CBS story. A guy got arrested in New York for watching a naughty DVD in his in-car DVD player.

‘Outraging public decency’ is probably what you’d get charged with?

Shouldn’t he also have been charged with reckless driving?

If this is against the law in NY, I wonder why the Rochester public libary, and County Executive Maggie Brooks are had so much trouble coming to an agreement about whether or not people had a right to view pornography on libary computers. Here’s a link to the story for people unfamiliar with it. What am I missing here?

Because librarians have a tradition of crusading against censorship. The ALA has an Intellectual Freedom office to track and oppose all incidents of censorship involving libraries. It would be logically inconsistent to oppose all censorship then turn around and impose it.

Exactly. Libraries frequently have to fight people who demand that works they consider offensive be removed from the shelves, often on the grounds that the works in question are pornographic.

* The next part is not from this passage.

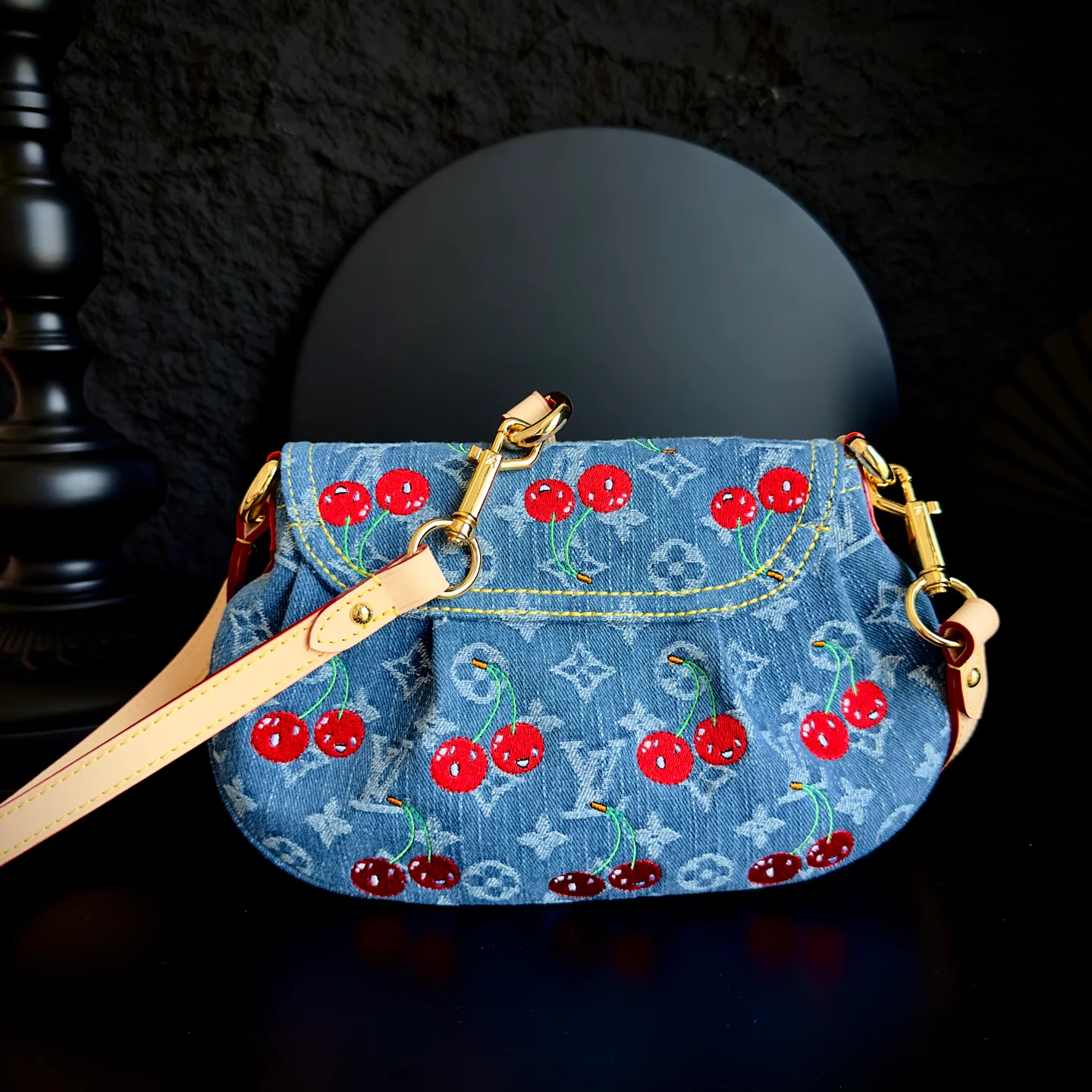 Классические Сумки Женские Louis Vuitton 13394408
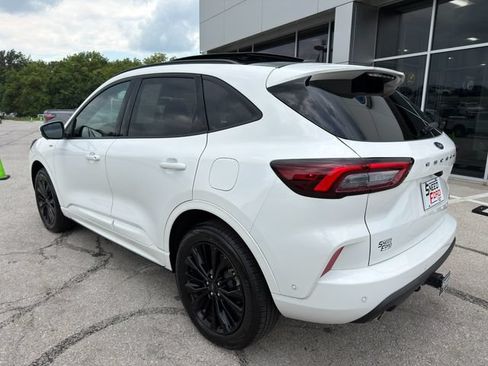 Used 2024 Ford Escape ST-Line Elite w/ Premium Technology Package AWD/4WD image 5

It puts the librarians in an awkward position to argue in one case that library patrons should have the right to access the materials, then in another case to argue that patrons should not actually be allowed to view them.

Libraries are in the difficult position of balancing first amendemnt rights with anti-obscenity laws. Specifically, libraries that receive federal funds are required to comply with CHIPA, the Children’s Internet Protection Act. This says:

The thorny first amendment issue arises because the mechanisms enacted to be in compliance with CHIPA would block adults from speech that is constitutionally protected. In Multnomah County Library v US, the Supreme Court upheld the constitutionality of CHIPA, ruling that first amendment issues could be alleviated because librarians could unblock sites for adults on request. The Rochester Public Library says that they attempt to be in compliance with CHIPA and Multnomah.

The Rochester Library (and others) have addressed the public obscenity issues by the use of screens that can’t be viewed from a distance or by putting computers that have access to objectionable sites in places that can’t be viewed by passersby. From what I’ve read, the specific case reported in Rochester stemmed from a patron who was viewing a website with photographs of children in bathing suits. What caused outrage was that he was a sex offender, and he was in relative proximity to the children’s section on the second floor. I’m not sure that the filtering software addresses the main problem with that story.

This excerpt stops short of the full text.